Sitemap Checker
About the Sitemap Checker
The Sitemap Checker fetches and parses an XML sitemap or sitemap index file from any URL, then breaks it down into a structured, readable list of the URLs it contains. It understands the standard sitemaps.org protocol, including the optional lastmod, changefreq, and priority elements, as well as sitemap index files that point to multiple child sitemaps. This lets you confirm at a glance that the file search engines rely on for crawling is well-formed and contains the pages you expect.

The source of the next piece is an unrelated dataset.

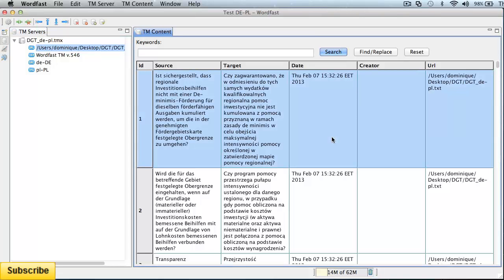So there you have it, how to create tmx translation memories on a Mac, and how to import them in Wordfast Pro for Mac. Thank you for watching, do subscribe to my channel, and see you in the next video.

Under the hood, the tool retrieves the file and validates its structure against the XML sitemap schema, distinguishing between a urlset (a list of page URLs) and a sitemapindex (a list of nested sitemaps). It reports the total URL count, surfaces malformed entries, and flags common problems like exceeding the 50,000-URL or 50MB-uncompressed limits per file that Google and Bing enforce. Because sitemaps are often generated automatically by a CMS or framework, silent breakage is easy to miss without a parser like this.
Common use cases include verifying a freshly deployed sitemap before submitting it in Google Search Console, auditing whether stale or noindex pages are still being advertised to crawlers, and confirming that a sitemap index correctly references all of its child files. SEO teams also use it after a site migration to make sure redirected or removed URLs are no longer listed. Pair it with the Sitemap Checker after every major content change so the discovery layer stays accurate.
A practical tip: a sitemap should only list canonical, indexable URLs that return 200 status codes, so cross-check entries against your Link Checker and robots.txt rules. Keep lastmod values honest because search engines learn to distrust sitemaps that report fresh dates on unchanged pages. If your site is large, split URLs across multiple sitemaps and reference them from a single index file rather than packing everything into one oversized document.
Frequently asked questions
- What is the difference between a sitemap and a sitemap index?
- A regular sitemap (urlset) lists individual page URLs, while a sitemap index (sitemapindex) lists the locations of multiple child sitemaps. Large sites use an index to stay under the per-file limits.
- How many URLs can a single sitemap contain?
- A single XML sitemap can hold up to 50,000 URLs and must not exceed 50MB uncompressed. Beyond that, split the URLs into several sitemaps referenced by a sitemap index.
- Should I include non-canonical or noindex pages in my sitemap?
- No. A sitemap should only list canonical, indexable URLs that return a 200 status. Listing redirected, blocked, or noindex pages wastes crawl budget and erodes the sitemap's trustworthiness.
- Does having a sitemap guarantee my pages get indexed?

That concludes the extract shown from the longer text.